Bought a Hallicrafters S-77A All-Band Communications Receiver
After years of using the old Viking tabletop radio to listen to my beloved shortwave bands, I saw an advertisement in the classified section of the Winnipeg Free Press, for shortwave radios. A fellow named Mr. Hall, who lived down on Landsdowne Ave (a rough part of town now, but not bad then), had some radios for sale. I had a bit of money saved from my paper route, and convinced my dad to take me to see them.
I paid $20 for a Hallicrafters S-77A communications receiver. Wow, what a difference! I used that radio for many years, and when I got something better (a Yaesu FRG-7), I took it out to the family cabin, where I used to listen to shortwave on lazy summer nights…
While at Mr. Hall’s place, I was bedazzled by the vision of an amazing, complex, wonderful radio – a full carrier-mounted Marconi No. 19 Set Mk. III! I asked how much it was… and decided that I had to have it, too.
Worked on an IRIG-B Decoder
Manitoba Hydro wanted an IRIG-B decoder unit. It would listen to modulated IRIG-B, decode the time, and provide details of the time on a serial port. Filipe Fernandes and I did the system architecture. Filipe designed the board, based on a Motorola MC68HC11 development kit, and did the programming in assembly language.
The project was a success, but he was moved off to another project just as it was finishing, so I completed the programming. The design was a success.
This was my first exposure to IRIG-B, and I was fascinated.
Developed the Conviron Integrated Logger Controller (ILC) Card
The CMP3000 has a very sophisticated network operating over isolated RS-422 signals in a ring-bus arrangement. Each controller has a bypass relay which would heal the ring-bus in the event of controller or communication board failure. The Zilog Z8530 Serial Communications Controller (SCC) chip was used to talk HDLC on the ring-bus.
The master of the network was the CMP3300 Data Logger Processor (DLP), which was essentially a hot-rodded CMP3000 controller with different programming. It could manage and control up to 96 CMP3000 controllers on its loop.
To enhance and extend its function, the DLP had a serial port which could be connected to the Host Computer, an IBM PC running QNX. The Host computer could be connected to 3 DLPs, allowing it to manage many more controllers.
Being a general purpose PC running QNX, the Host Computer was able to schedule changes, log all kinds of data, display graphs, and export data to other media (think: floppy disks!).
There came a time when the DLP just seemed clunky. So, I was asked to create the Loop Control Card (LCC), which would mount directly into the IBM PC chassis and replace the DLP. It would be able to control 3 loops of controllers, and have embedded on-board alarm contacts.
By then, the PC of choice was the AT, and Vansco actually was making its own labelled computers, based on components purchased overseas.
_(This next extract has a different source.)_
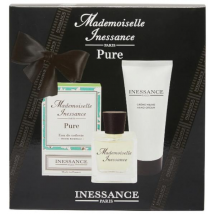 Inessance Estuche Mademoiselle Inessance Pure Colonia 50 ml + Crema de manos 100 ml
However, the LCC was designed for the XT bus for maximum compatibility.
The heart of the board was a NEC V25 processor, high-speed (well, for the time) SRAM, and a few PLDs, where I implemented a pseudo-dual-port RAM for control and data transfer. Internal bus faults occurred periodically, which proved almost impossible to track down without the right test equipment. Finally, management went and bought a very expensive (at he time) Fluke/Phillips PM3585/90 logic analyzer, which I proceeded to load up to the maximum, using its dual timing & state analysis to great advantage. In the end, the V25 was every once in a while stealing an extra clock cycle for its prefetch queue, causing a bus timeout. The PC bus specification wouldn’t let me stretch it any further. I was able to rework the logic and make it all come together. You gotta have the right tools!